After exploring the temple area, my roommate, Cody, and I went off to explore the Asakusa shopping district. There we saw numerous curio shops, clothing stores, and other stalls selling food and knickknacks.
While at Asakusa, my roommate and I were approached by this gentleman (name withheld for his privacy), who asked us where were were from. When we said we were from the U.S., he was very happy, since he used to study English in the U.S. after he retired from the Japanese Naval Forces. He told us stories of his youth, and told us how he was so happy that foreigners like ourselves were interested in his home. He likes foreigners due to his interactions with them while in the Navy, and wished us an enjoyable stay in Japan. As I wrote earlier, the purpose of the Kakehashi Project is for us to find the beauty and good qualities of Japan, and I feel like I found all of that in this one conversation.

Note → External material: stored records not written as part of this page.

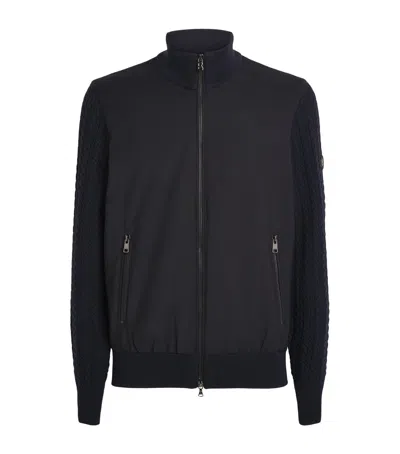 Bogner Virgin Wool Zisco Hybrid Jacket In Black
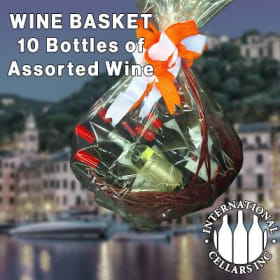 Wine Basket - 10 Assorted Bottles item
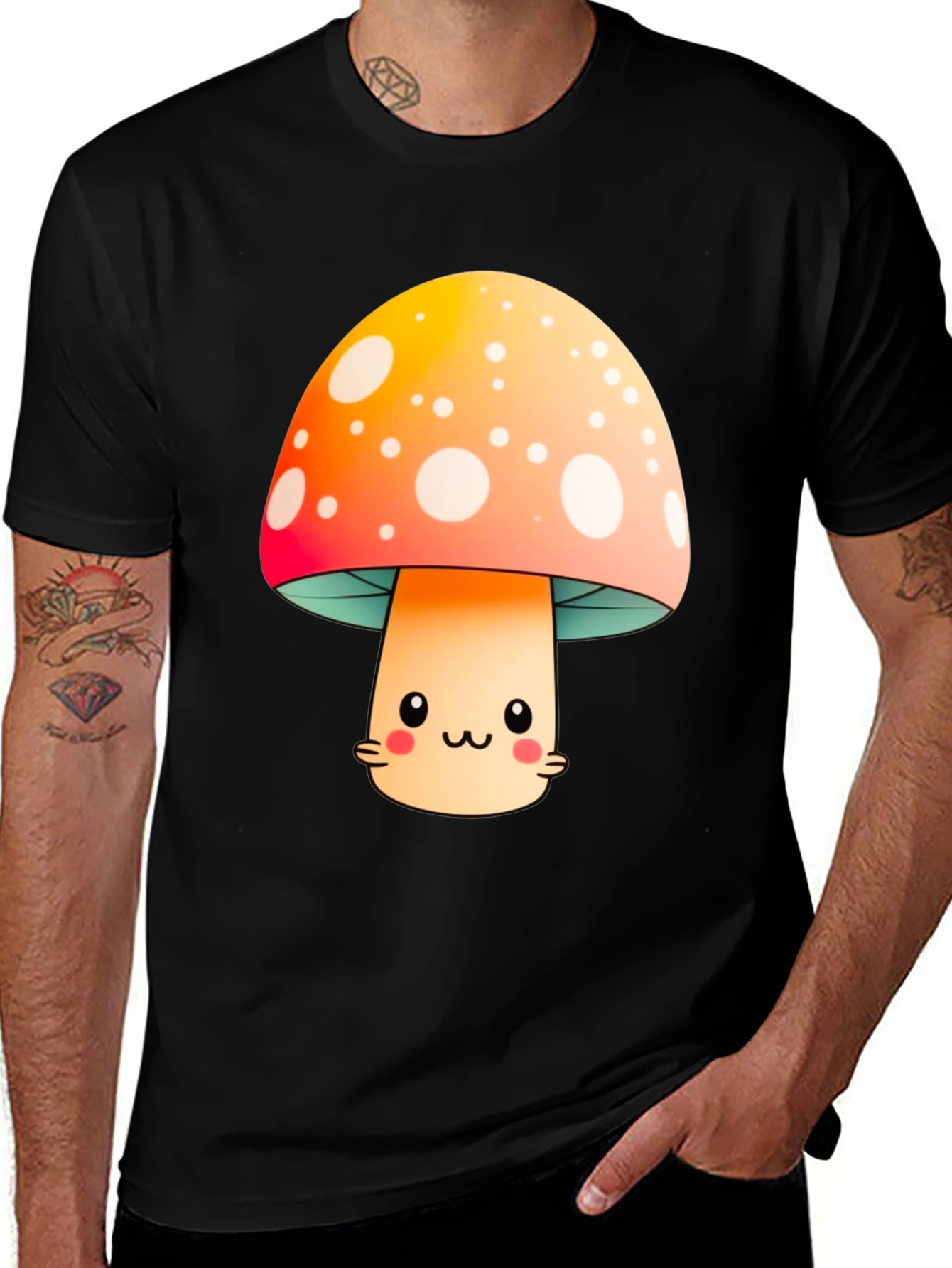 Variant 22 of Cute Mushroom Graphic Tee - Kawaii Style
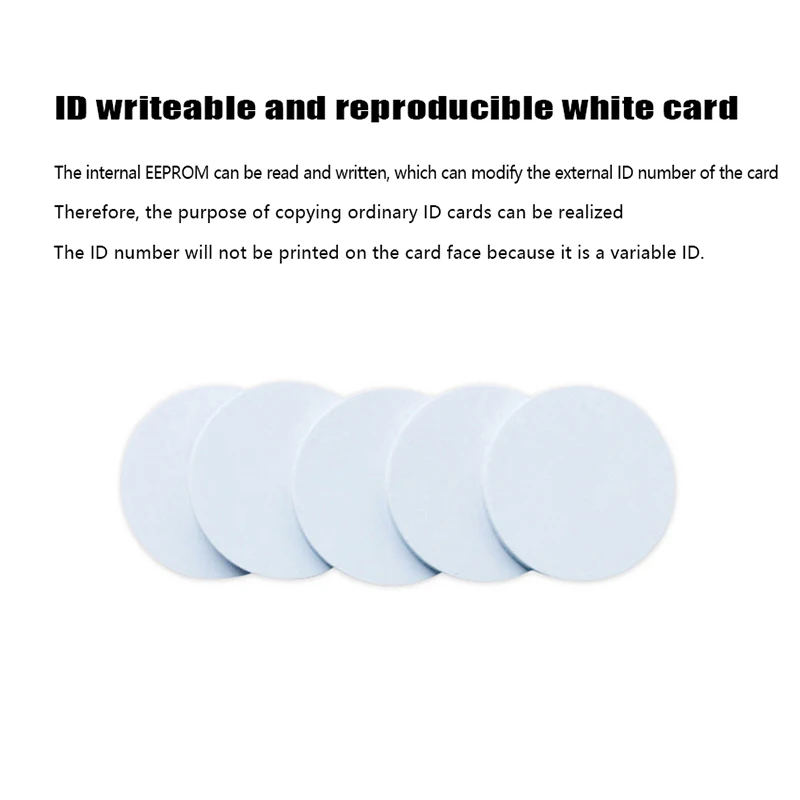 5ชิ้น25มิลลิเมตร125กิโลเฮิร์ตซ์ RFID แท็ก T5577 EM4305สติ๊กเกอร์เขียนได้บัตรความใกล้ชิดเขียนได้ฉลากกาวสำหรับเครื่องถ่ายเอกสาร RFID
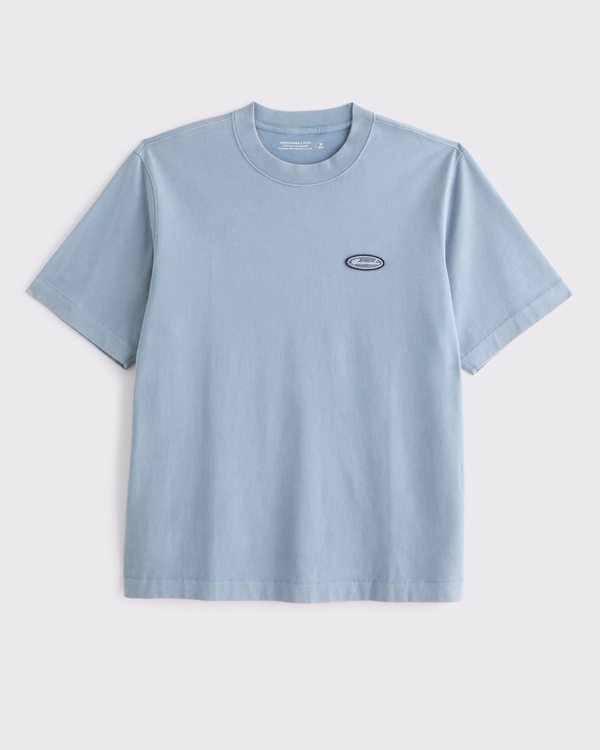 Premium Heavyweight 2.0 Logo Tee, Light Blue Wash view 1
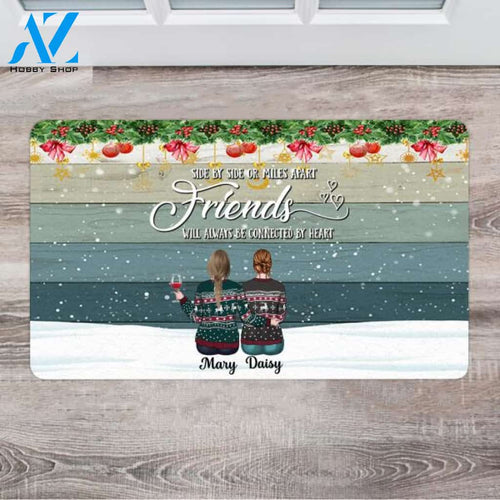 Personalized Christmas Outside Doormats - Long Distance Bff Gifts - Up To 5 Girls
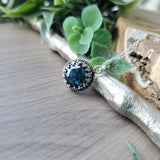 Round Moss Kyanite Necklace, Faceted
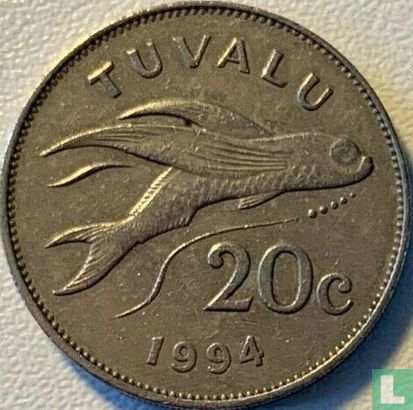 Tuvalu 20 cents 1994 - Image 1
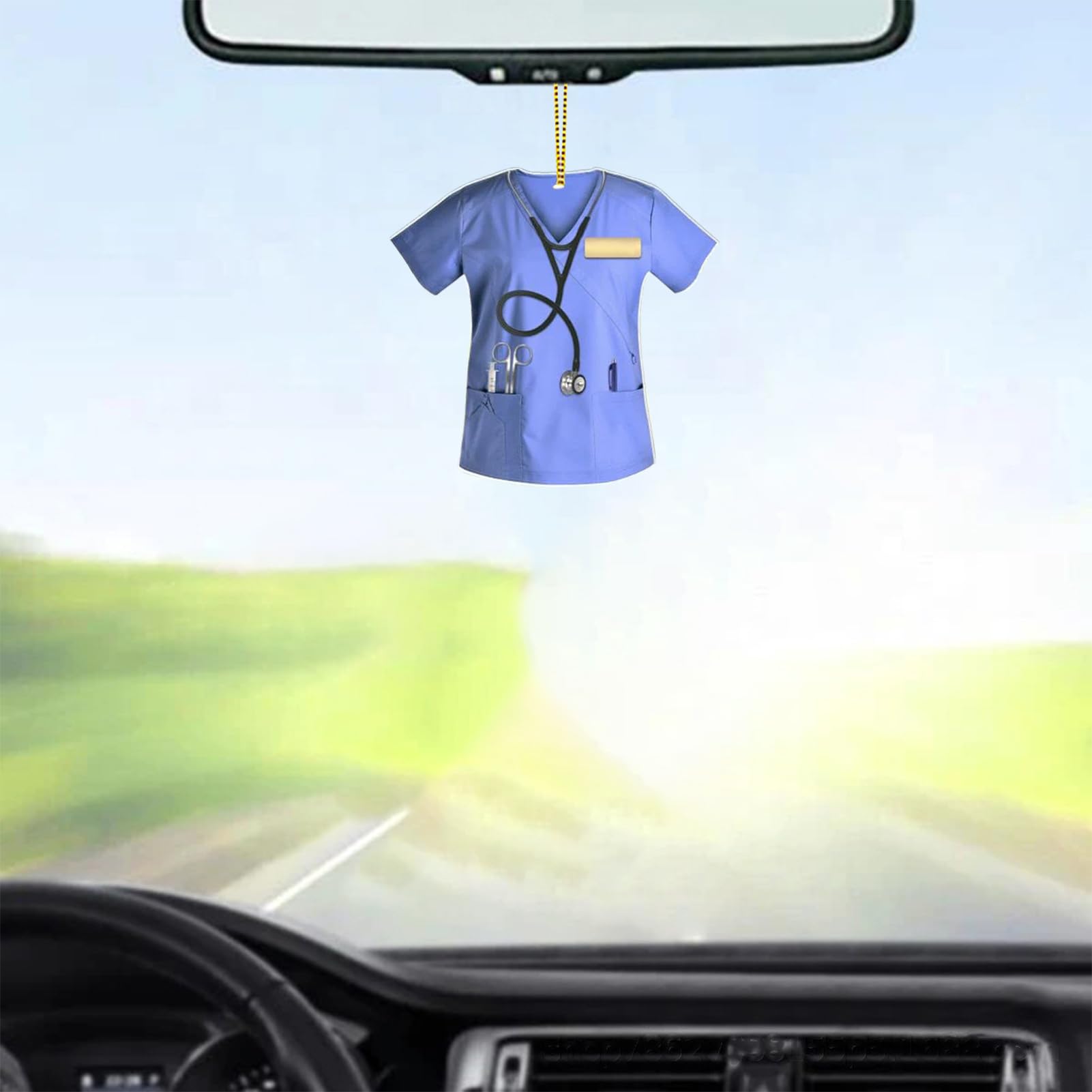 Ciondolo Per Specchietto Auto A Forma Di Uniforme Da Infermiera – Portachiavi In Acrilico – Decorazione Interni Auto, Zaino O Borsa
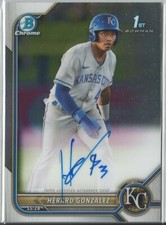 Herard Gonzalez 2022 Bowman Chrome Prospect 1st Bowman Auto #CPA-HG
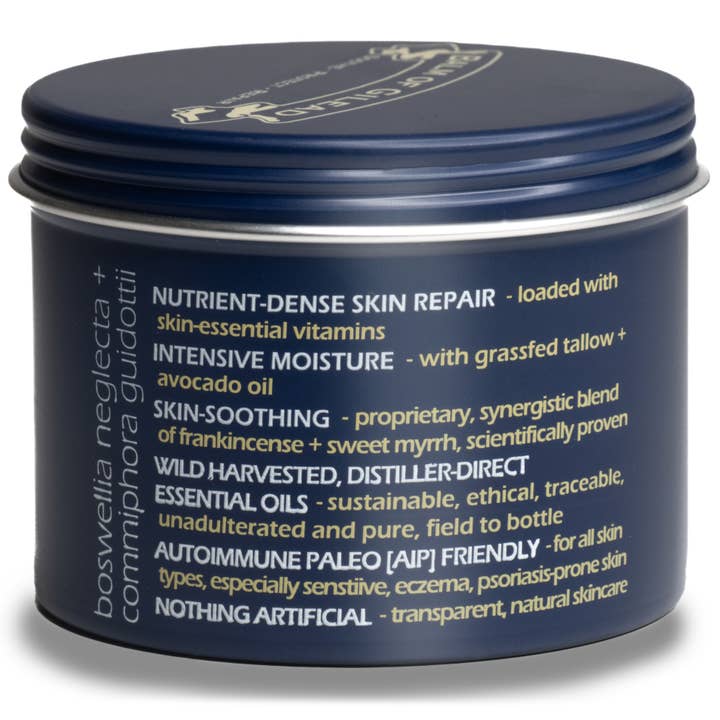 Frankincense & Sweet Myrrh Cream- Intensive Skin Healing 4oz - Image 2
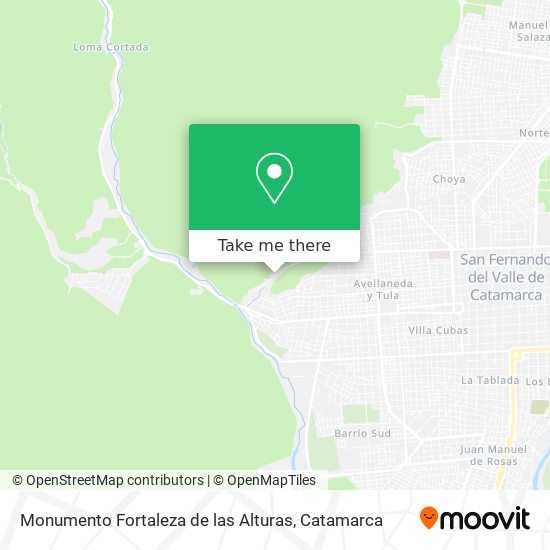 Monumento Fortaleza de las Alturas map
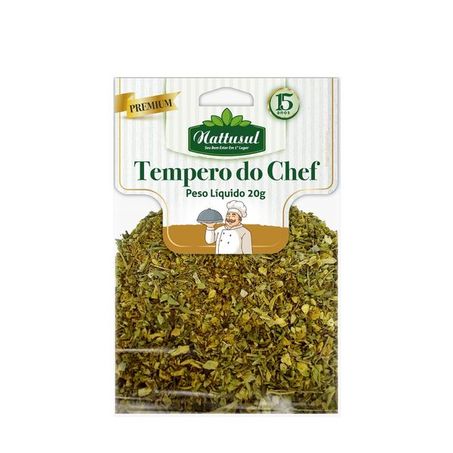 TEMPERO DO CHEFE NATTUSUL 20G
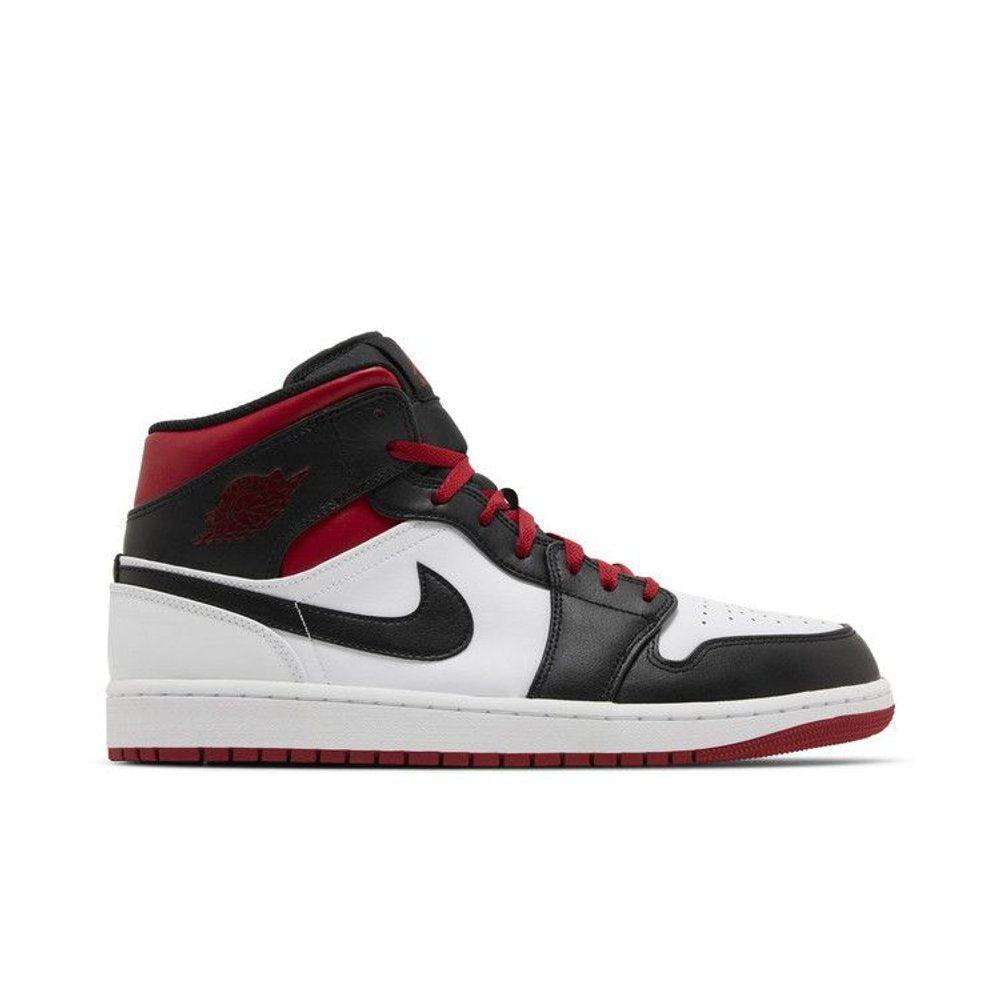 Jordan 1 Mid Gym Red Black Toe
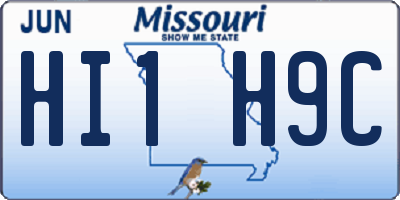 MO license plate HI1H9C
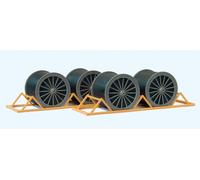 Preiser 17117 Bobinas De Cable, Estructuras Para Carga En Ferrocarril, Kit, H0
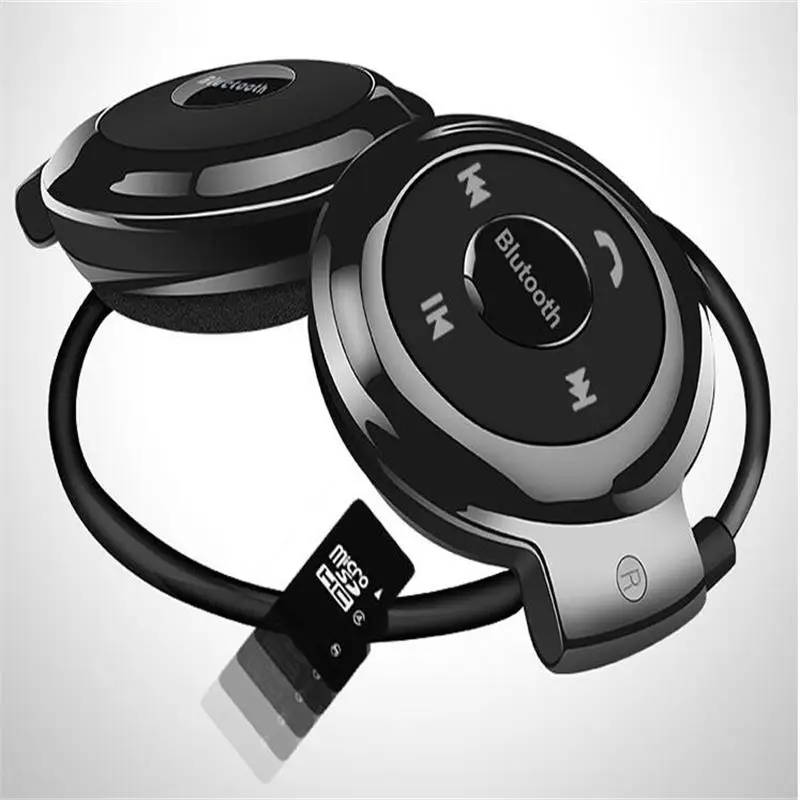 2 Гб карта памяти MINI503 беспроводные Bluetooth наушники Fm радио наушники Спорт Музыка стерео Earpics слот карты Micro SD гарнитура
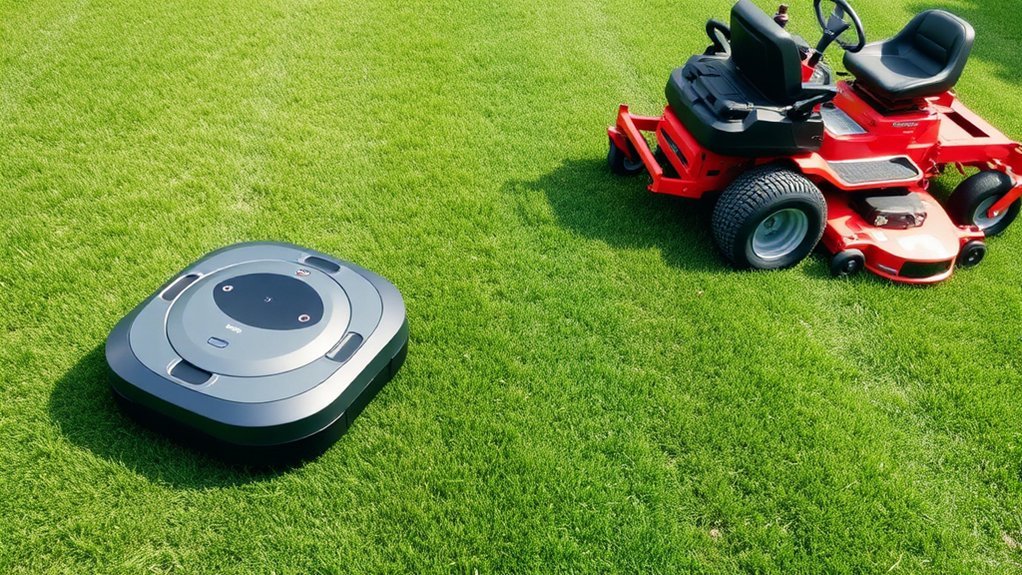 mower choice depends on lawn size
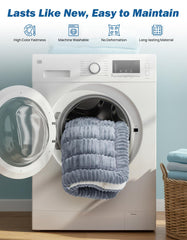 JOYTUTUS dog mat bed machine washable for easy cleanup after adventures.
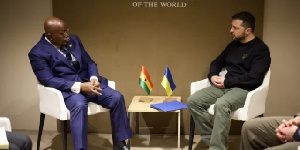 Nana Akufo-Addo and Volodymyr Zelenskyy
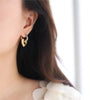 Stainless Steel Chic Heart Huggie Hoop Earrings Charm Gold Silver Color Jewelry for Women - Image 2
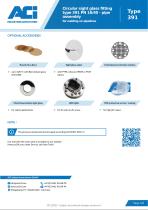 Circular sight glass fitting type 391 PN 16/40 - pipe assembly-5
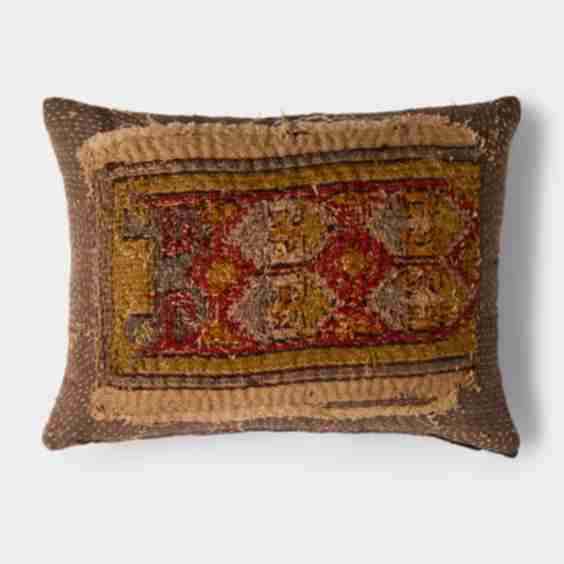 19th-Century Victorian Neo-Gothic Needlepoint Wool and Cotton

To end the day, we moved from Asakusa to Odaiba. We crossed the famous Rainbow Bridge to get there. We arrived at the Odaiba Aqua City shopping complex, where we would eat dinner at The Oven American Buffet. I did not expect to be fed this well on a government-sponsored trip.
The final highlight of my day was getting to see the 1/1 scale Gundam Unicorn in person. As a Gundam fan, I was just in awe of the sheer size and detail that went into creating the statue. We were in Odaiba at night, so the Unicorn had transformed from its usual solid white form into its glowing red NTD form.
Now I’m back here in the hotel writing this article before heading to bed. I had thought we wouldn’t be able to do much today since the orientation took up so much time, but we got more than what I expected today, and I felt so blessed to be able to experience it!
Tomorrow, we’ll be heading out to the Ghibli Museum, then taking the Nozomi Bullet Train on the Shinkansen as we make our way to Kyoto, where we’ll be staying for a few days to experience more of the historical, as well as visit the Kyoto Seika University, home of the Manga Masters Degree program! Look forward to it!
One thought on “Day 1: Foreign Affairs and Fine Dining”
Nice Gundam you got there!
“…. political history of Japan, from the end of World War II …” — a good way to gloss over both the US nuclear bombing of its cities, and the current issue of comfort women with South Korea (and also in China).